Segment Start: MATERIAL FOR THIS TASK
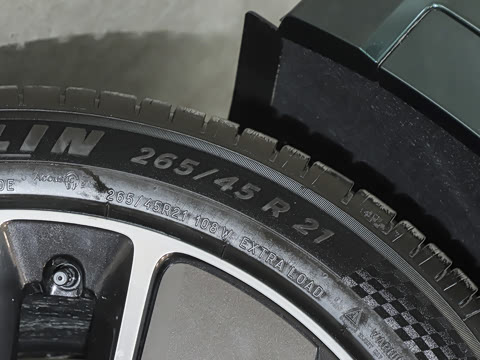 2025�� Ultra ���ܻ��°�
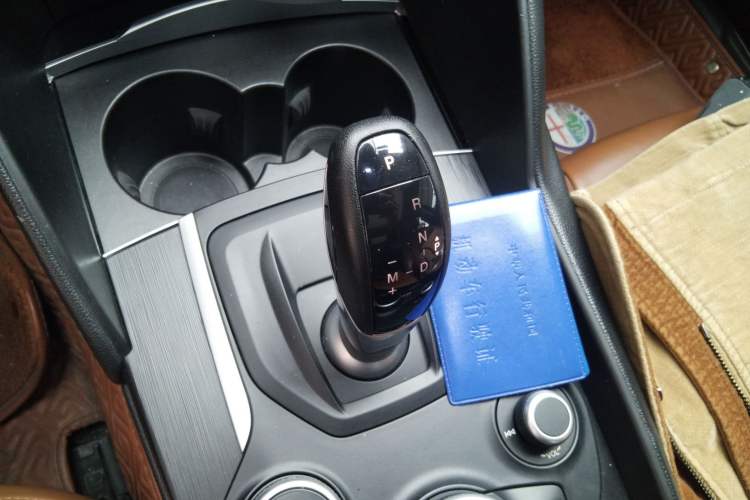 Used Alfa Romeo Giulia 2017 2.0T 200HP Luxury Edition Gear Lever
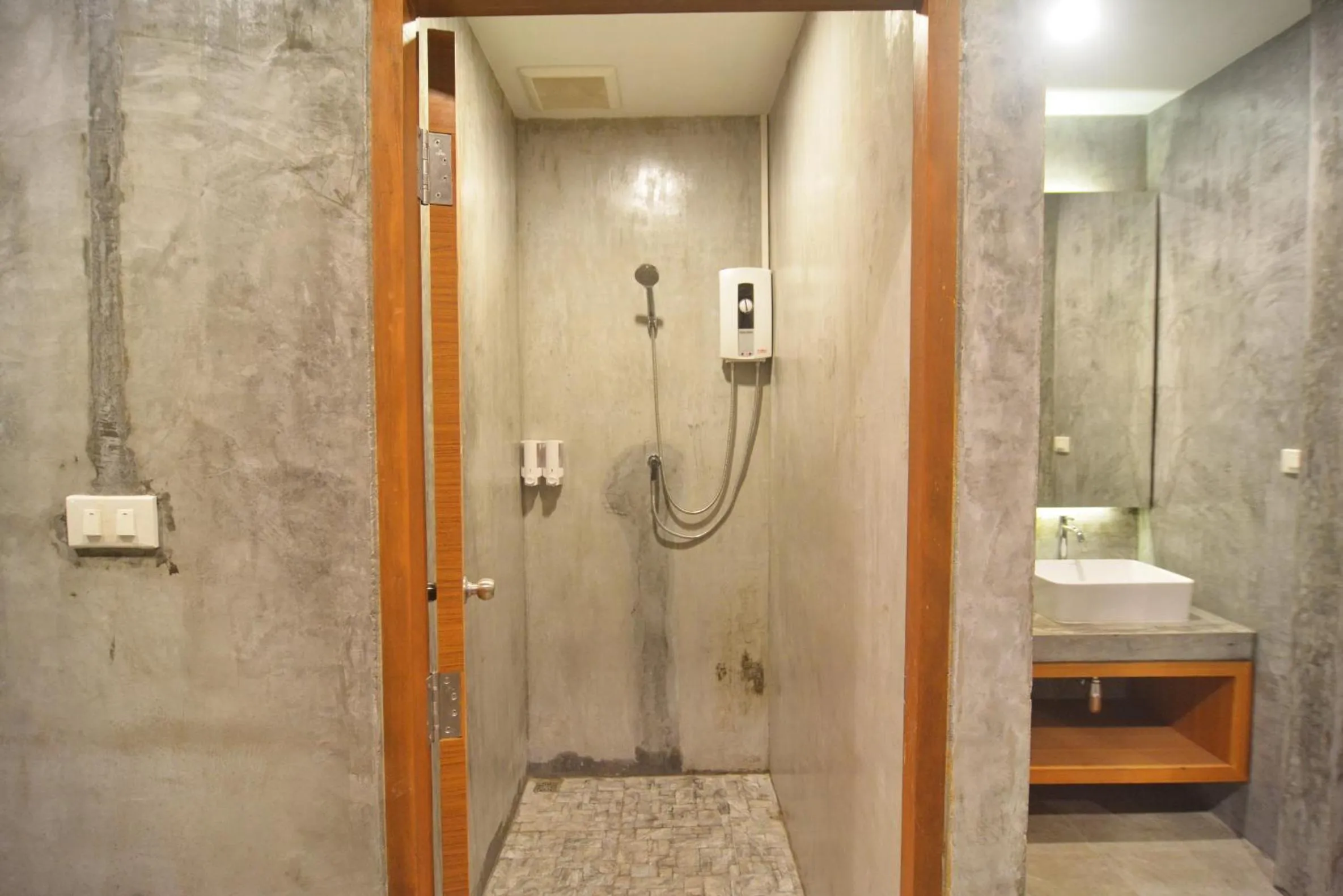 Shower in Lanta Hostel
Segment End: MATERIAL FOR THIS TASK
Segment Start: MATERIAL FOR THIS TASK
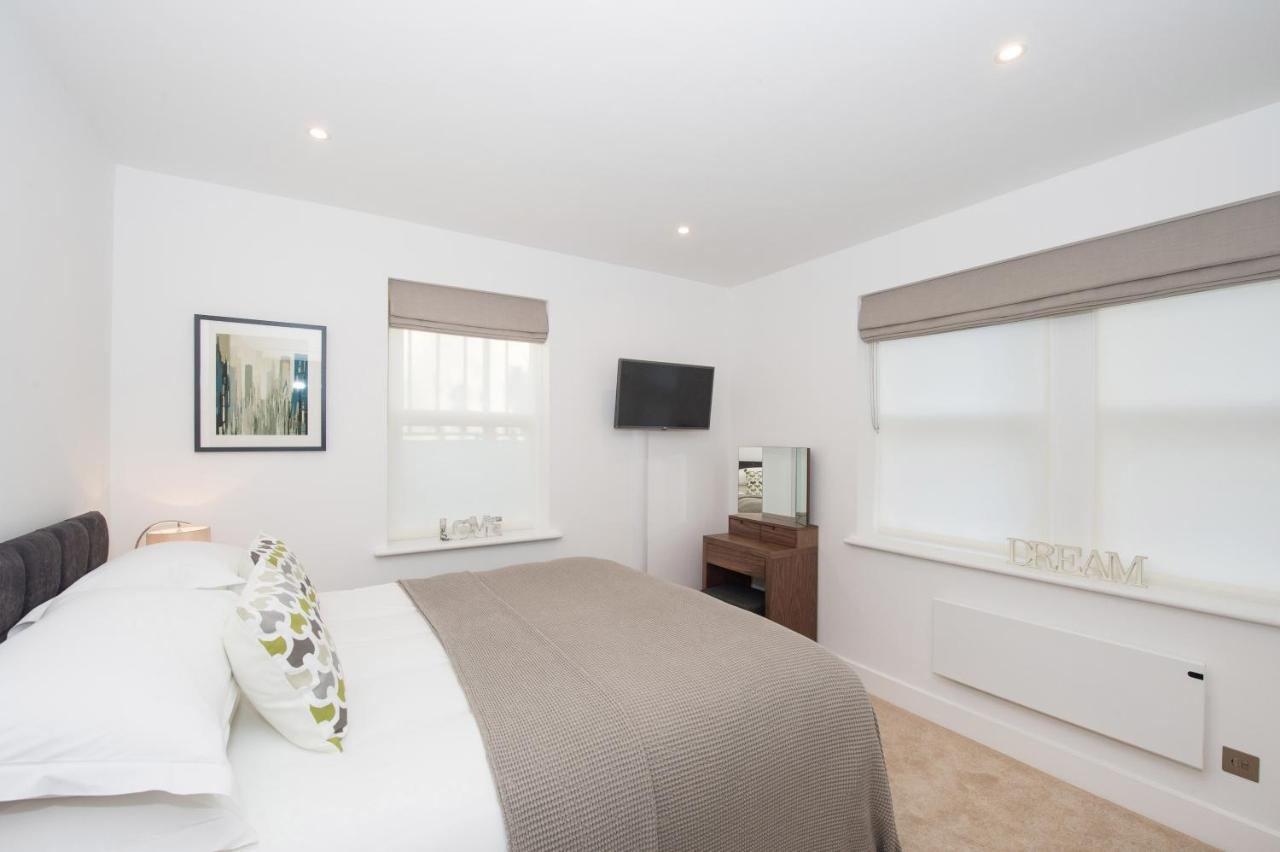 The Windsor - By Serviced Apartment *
Segment End: MATERIAL FOR THIS TASK
Segment Start: MATERIAL FOR THIS TASK
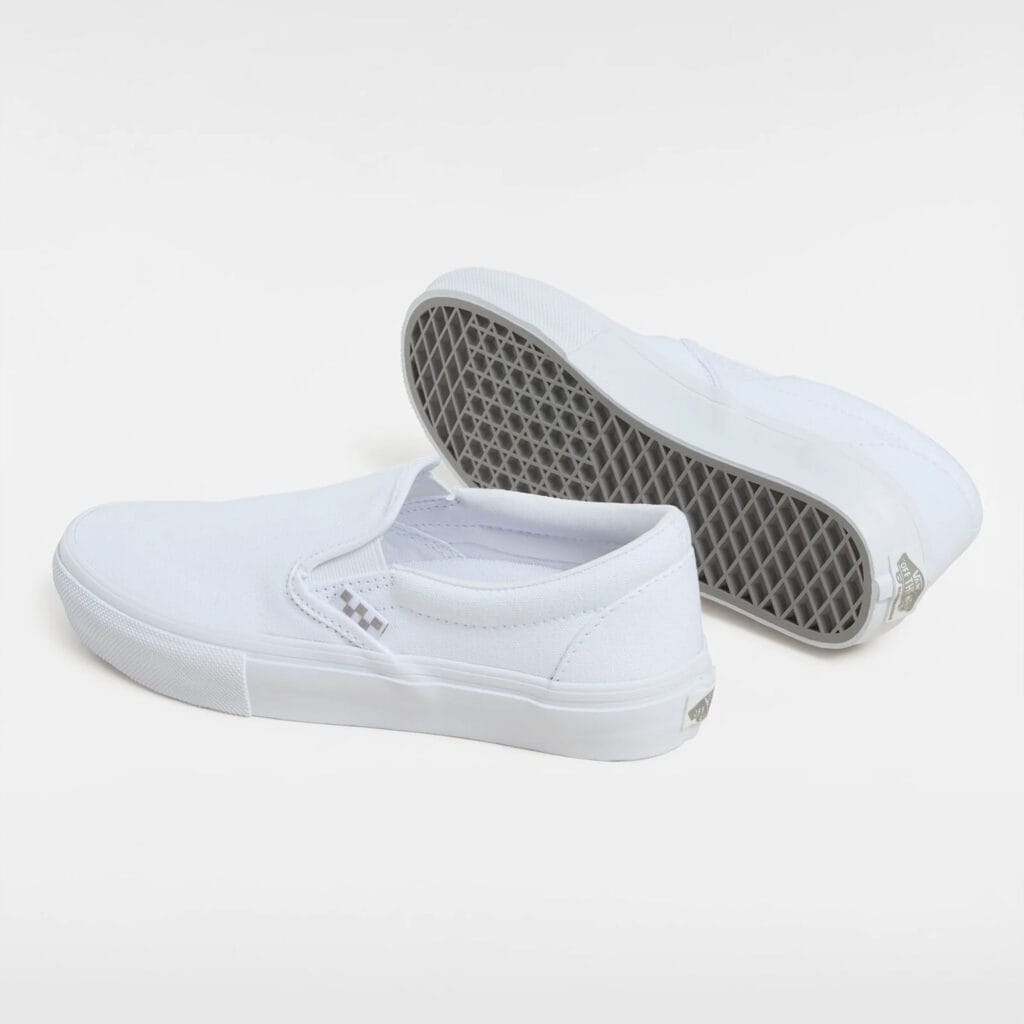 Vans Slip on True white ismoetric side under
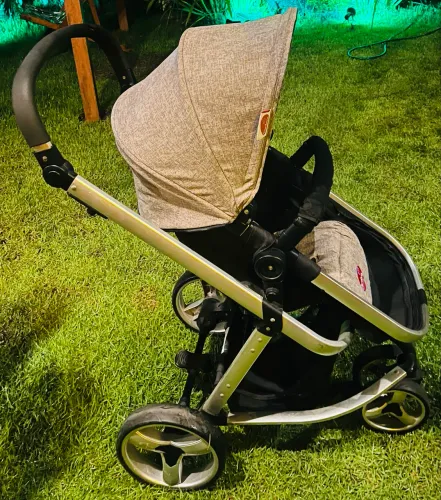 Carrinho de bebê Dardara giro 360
Segment End: MATERIAL FOR THIS TASK
(YOUR GOAL) Using the data above, transcribe exactly the lines between those containing "2025�� Ultra ���ܻ��°�" and "Shower in Lanta Hostel", inclusive, and leave every picture behind.

(EXERCISE ANSWER)
 2025�� Ultra ���ܻ��°�
 Used Alfa Romeo Giulia 2017 2.0T 200HP Luxury Edition Gear Lever
 Shower in Lanta Hostel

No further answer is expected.